The content of H₂O₂ was determined by DAB staining. The specific methods are as follows. The leaves of 4-week-old wild-type and iqm1-1 mutant plants were cut and placed on a 12-well cell culture plate. Two milliliters of DAB staining solution (1 mg mL⁻¹ DAB [Sigma-Aldrich, D8001], 10 mm Na₂HPO₄, and 0.05% [v/v] Tween 20, pH reduced to 3 with 0.2 m HCl) was added to each well and then gently vacuum infiltrated for 5 min to ensure that the leaves were completely immersed in liquid. The plates were then shaken 4 to 8 h at 80 to 100 rpm on a standard laboratory shaker. The DAB staining solution was then replaced with bleaching solution (ethanol:acetic acid:glycerol = 3:1:1), and the leaves were boiled for 15 min to bleach out the chlorophyll.

Measurement of Catalase Activity

The activity of catalase was measured as previously described (Su et al., 2018) using a catalase assay kit (Beyotime, S0051) following the manufacturer’s protocols. Four-week-old leaves with or without infection were collected and ground with liquid nitrogen for sample preparation. All values were normalized by the total protein concentration of the same sample. The activity of catalase is shown as units per mg of protein. All results came from three independent plant materials. For the in vitro assay, the full-length CDSs of IQM1, CAT2, and CaM5 were cloned into prokaryotic expression vector pET28a and then transformed into E. coli BL21 (DE3) competent cells. The expression and purification of proteins were performed according to a previous report (Yuan et al., 2017).

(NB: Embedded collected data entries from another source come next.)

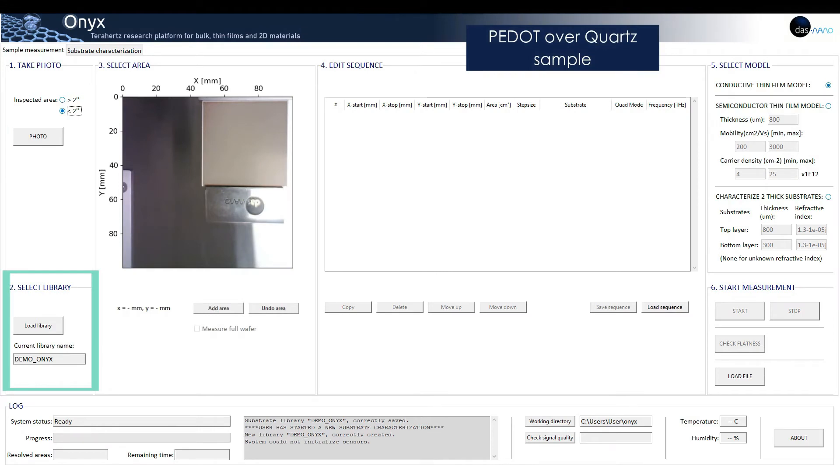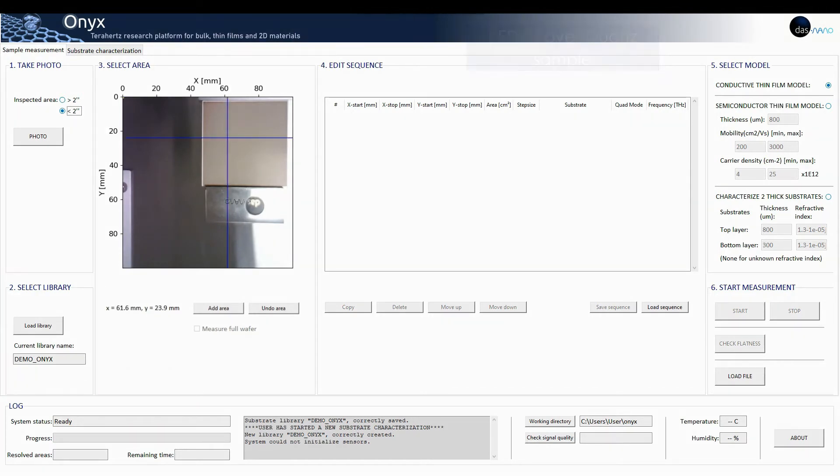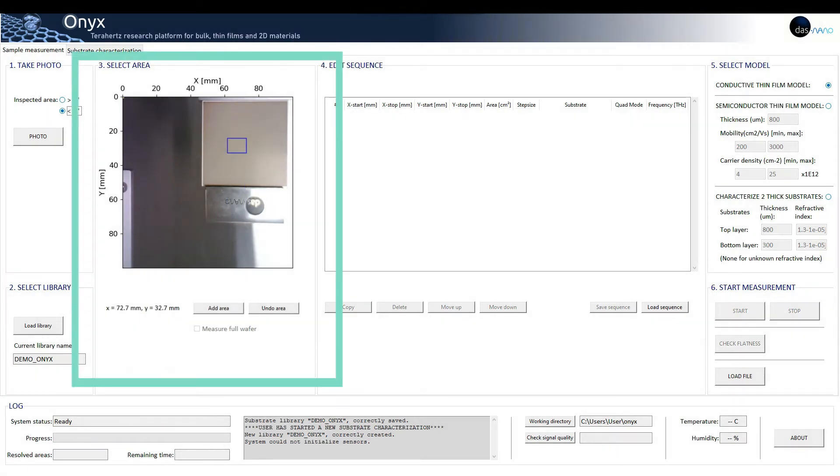If we want to use a pre-characterized substrate, the user should load the desired library.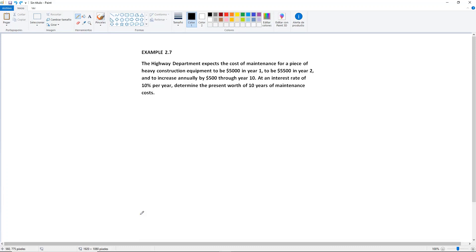Example 2.7. The highway department expects the cost of maintenance for a piece of heavy construction equipment to be $5,000 in year 1, $5,500 in year 2, and to increase annually by $500 through year 10. At an interest rate of 10% per year, determine the present worth of 10 years of maintenance costs.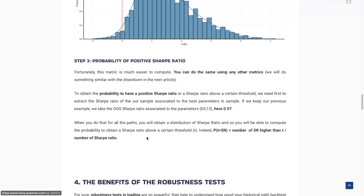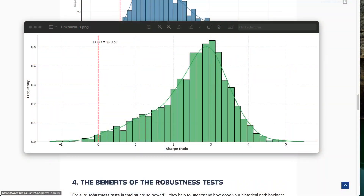The second thing we can compute is the probability of obtaining a positive Sharpe ratio, or a Sharpe ratio above a certain threshold. You have many different paths with many out-of-sample Sharpe ratios for the best in-sample parameters, and you obtain a distribution of possible Sharpe ratios. The goal is to derive statistics from this distribution. As we can see in the example, there is a very high probability of having a Sharpe ratio above zero, and even above one — around 70 to 80% of the data is above one. So you have a good chance of obtaining a good Sharpe ratio.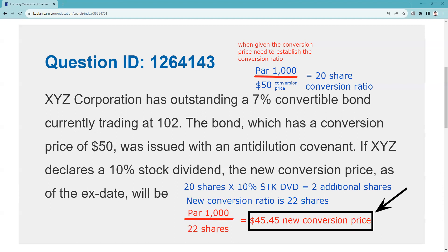I can't imagine you won't have to calculate parity on your Series 7 — you need to be able to do that as a matter of routine. This specific type of question has very low probability of appearing, but knowing the conversion ratio has very high probability, because you can't calculate parity of the bond or parity of the stock without it. Remember: inch by inch, your Series 7 is a cinch. I'll see you for the next explication request.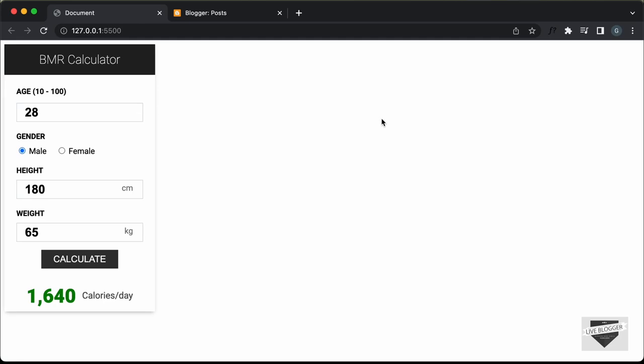Hi everybody, welcome to Live Blogger. In this video, I'll show you how to add this BMR calculator to your blogger website.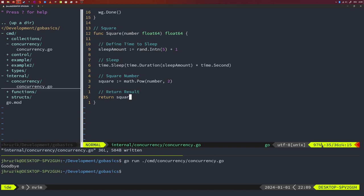All of this sounds complicated, but it really isn't. The very first thing we will do is create a generator function. That function takes a list of numbers as input, creates a channel inside, sends the data into the channel via a goroutine created and invoked inside the function, and then returns the channel to us to read data from. The whole point of this function is to get a channel that will contain the input data for our concurrent workers.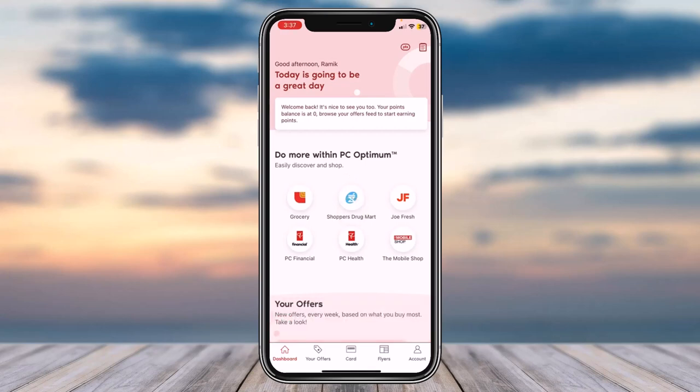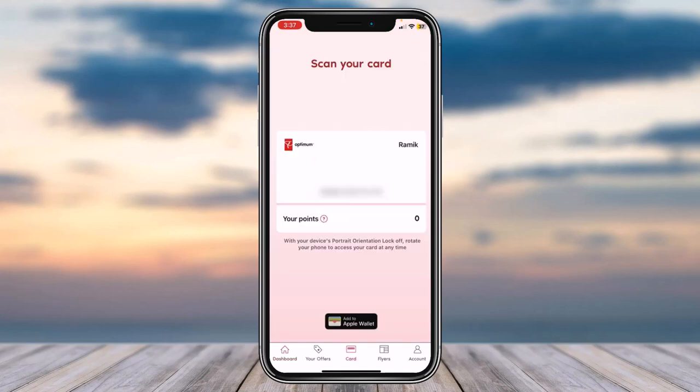Once you've logged in, your home page will look somewhat like this. You'll have to tap on the card option, which is on the bottom side of the screen. After that, you will be taken to your card page, which will show your name, the barcode of your card, and your points.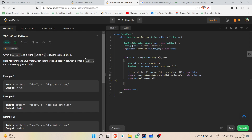Hello everyone, happy new year, and welcome to today's LeetCode daily challenge: Word Pattern. You have been given a pattern and a string s, and you have to check whether string s follows the same pattern.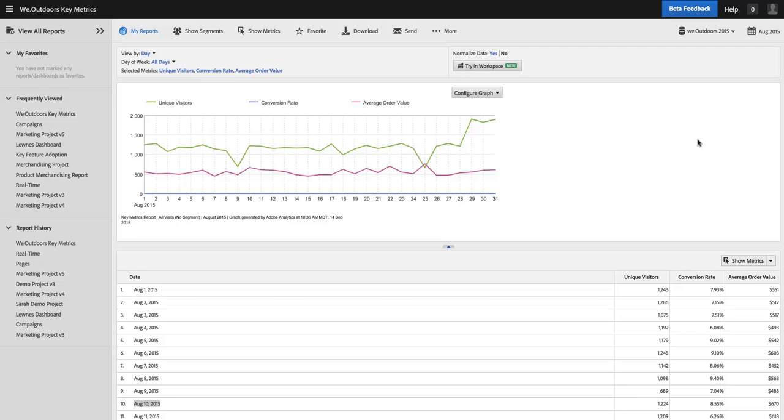Hi, I'm Ben Gaines from Adobe Analytics Product Management, and today I want to walk you through the initial launch experience inside of Analysis Workspace.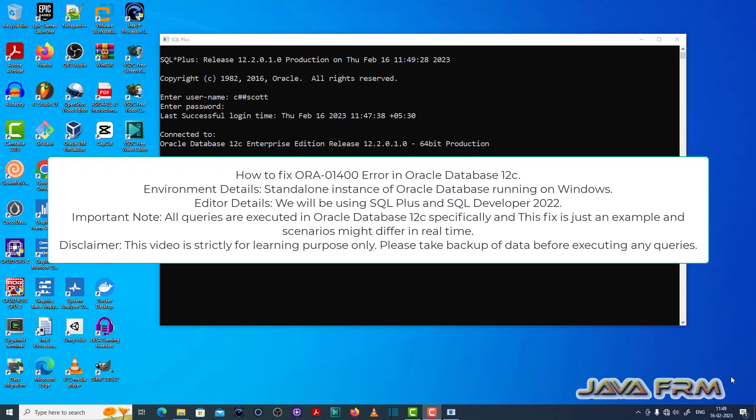Welcome to Java Forum. Now I am going to show you how to fix ORA 01400 error in Oracle Database 12c.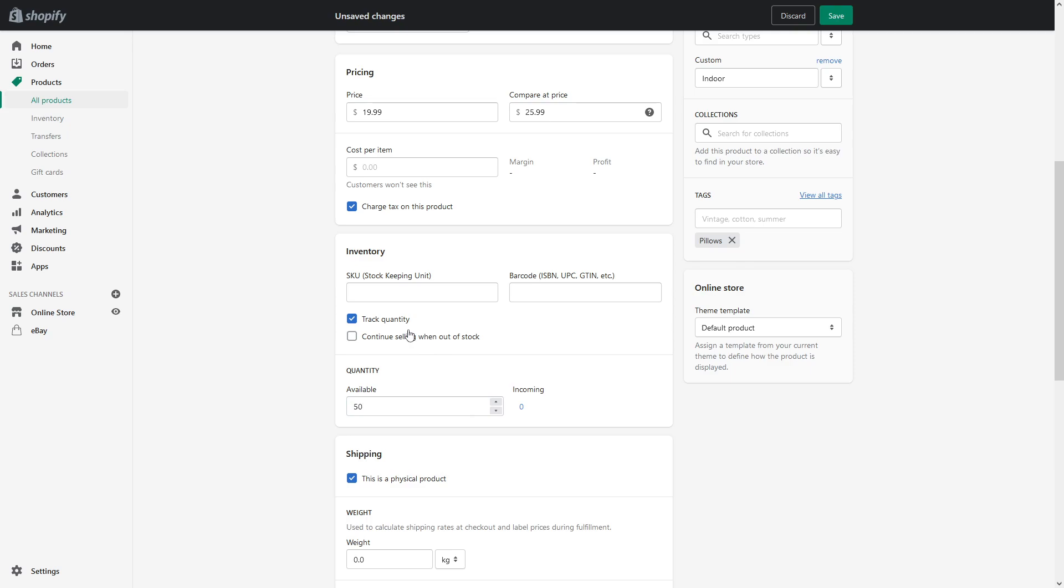For the second option, this is where many individuals who just start with Shopify mess up. Sometimes they keep it enabled, which means if you keep both options enabled, once the inventory reaches zero,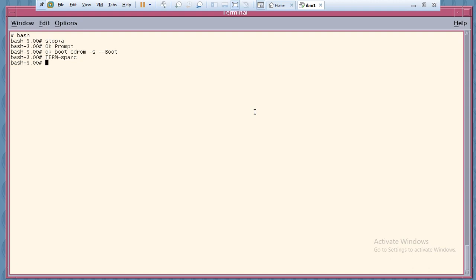Setting TERM=sun will configure the terminal for the SPARC machine. Then you need to export it: export TERM. After exporting, you need to create a directory — anything, it's up to you — but you need to remember the name when you go to mount. For example, I will create a directory called /tmp/abc.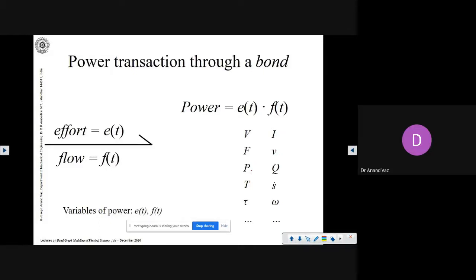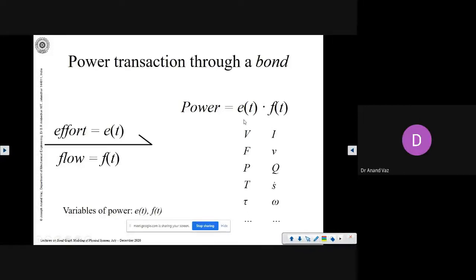In hydraulics and pneumatics, we use pressure and volume flow rate — pressure P represents effort and Q represents flow, and their product is power. In the thermal domain, we have temperature and rate of change of entropy. In rotational systems, we have torque and angular velocity. You can see that the product of these variables is always power, a scalar. So for any system in any energy domain, you have these two variables of power: an effort variable and a flow variable.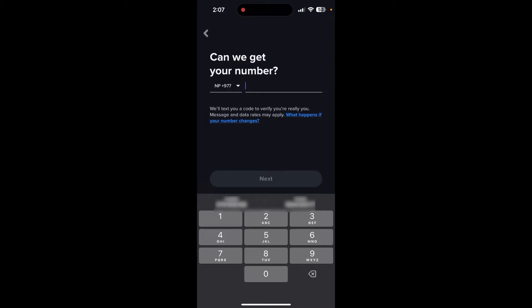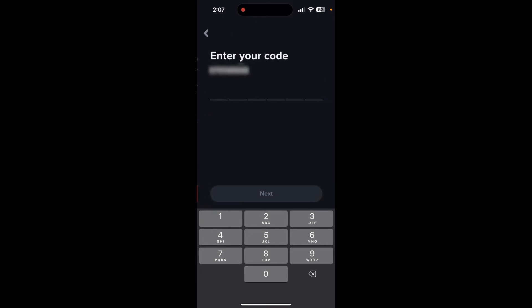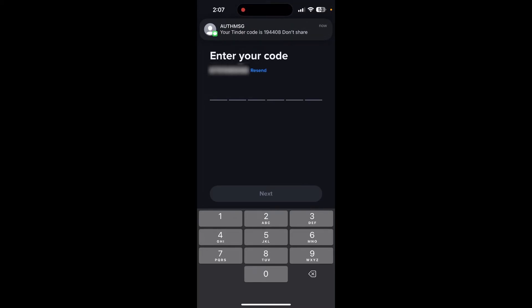Then provide your phone number and click on next. After that, shortly you will receive an OTP. Type in the OTP and click on next.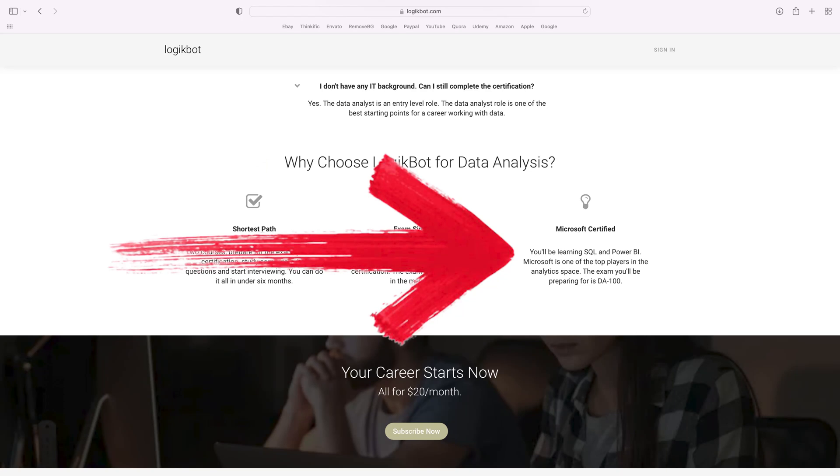Focusing on one thing for a long time can be boring. Suck it up — it's your career on the line. All the people in top IT roles are knowledge junkies; you need to become one. For the data analyst role, you only need to focus on two things: SQL and Power BI.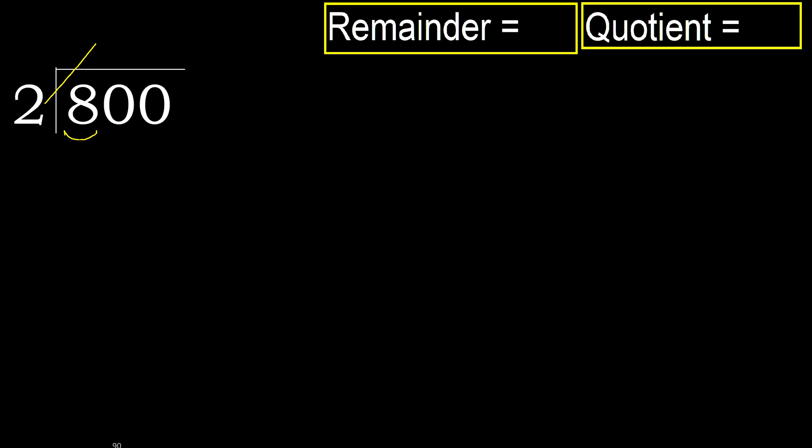but not greater. 2 multiply by 5, 10. 10 is greater. Multiply by 4 is 8, it is not greater, ok. 8 minus 8, 0, next.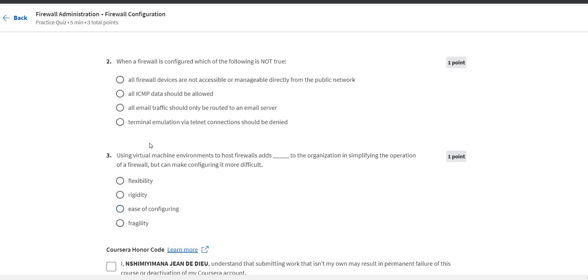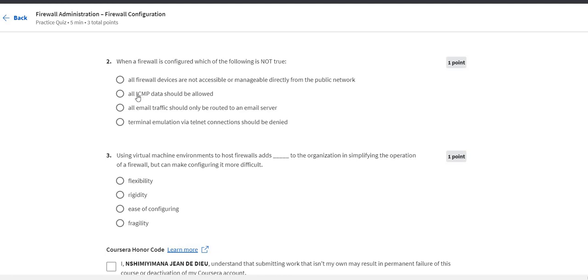The second question: all ICMP data should be allowed. In response to this, when a firewall is configured which of the following is not true, or ICMP data should not be allowed. So it means that the data should not be allowed. So this one.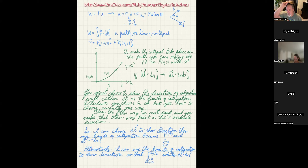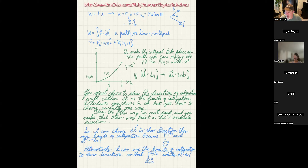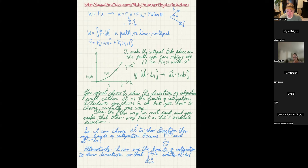To do a line integral, you must constrain the integrand to the specific path. For the line integral, there's normally an equation for the path — like y equals x-squared — and you use that to replace variables. The limits of integration then show the direction going from the first position to the final position, while dL points in the positive coordinate direction.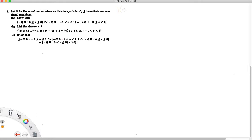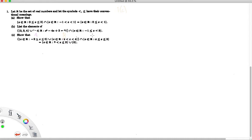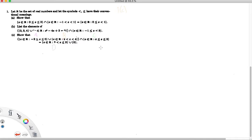Hello, and we're on to problem 1c. So let's get started. We're asked to show another set equality, like we did before. We're going to do it the same way we did last time, where we're going to show that the left side is a subset of the right side of the equal sign, and vice versa — that the right side is a subset of the left side of the equal sign.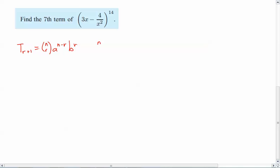Obviously, n is 14 because that's the exponent of the binomial expansion. For the seventh term, if we want the seventh term, that means r has to be 6. Because remember, r actually starts at 0, element 0, and so it's always going to be 1 earlier. So if r+1 is 7, meaning the seventh term, then it would be the sixth element starting at element 0.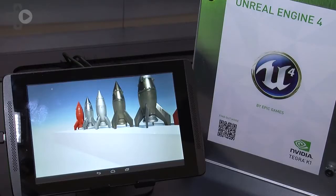Hi, I'm Andrew Edelson. We're here at the NVIDIA booth at GDC 2014 and I'm going to do a quick run-through about the new Tegra K1 processor.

Measurement of ACX2 and ACX3 Activity

Detection of ACX2/3 activity was performed as described previously (Khan et al., 2012). Briefly, 4-week-old leaves with or without infection were ground with liquid nitrogen and then resuspended in cold extraction buffer containing 50 μm FAD, 0.025% (v/v) Triton X-100, 1× protease inhibitor cocktail (Roche, 04693132001), and 50 mm KPO₄, pH 7.6. After centrifugation at 13,200g at 4°C for 15 min, the supernatant was used for assaying ACX activity. About 100 μL of the supernatant was added into 100 μL of the reaction buffer containing 100 μm C14-CoA (Myristoyl Coenzyme A; Sigma-Aldrich), 50 μm FAD, 100 μg mL⁻¹ BSA, 0.025% (v/v) Triton X-100, 110 units of horseradish peroxidase, 50 mm p-hydroxybenzoic acid, 2 mm 4-aminoantipyrine, and 50 mm KPO₄, pH 7.6. The reaction was monitored spectrophotometrically at 500 nm at 25°C for 30 min to detect H₂O₂ production. An H₂O₂ standard curve was created to calculate H₂O₂ concentrations (pmol H₂O₂ per mg of protein). All results came from three independent plant materials.

Primers Used

All primers used in this study can be found in Supplemental Table S1.

Accession Numbers

The Arabidopsis Information Resource locus identifiers for the genes mentioned in this study are as follows: AT4G33050 for IQM1, AT4G35090 for CAT2, AT1G20620 for CAT3, AT5G65110 for ACX2, AT1G06290 for ACX3, AT2G27030 for CaM5, and AT1G04710 for KAT1.

Supplemental Data

The following supplemental materials are available.

• Supplemental Figure S1. Phenotypes of disease resistance in IQ motif deletion mutants.

• Supplemental Figure S2. Differences in interactions between IQM1 with CAT2 and CAT3.

• Supplemental Figure S3. Identification of transgenic plants.

• Supplemental Figure S4. Overexpression of CAT2 can restore the increased sensitivity of iqm1 to B. cinerea.

• Supplemental Figure S5. IQM1 does not interact with ACX2/3 in yeast cells.

• Supplemental Figure S6. Alignment of the Arabidopsis CaM family protein.

• Supplemental Figure S7. Subcellular localization of IQM1 in Arabidopsis protoplast cells.

• Supplemental Figure S8. Sensitivity of all genotypes to B. cinerea in this study.

• Supplemental Table S1. Primers used in this study.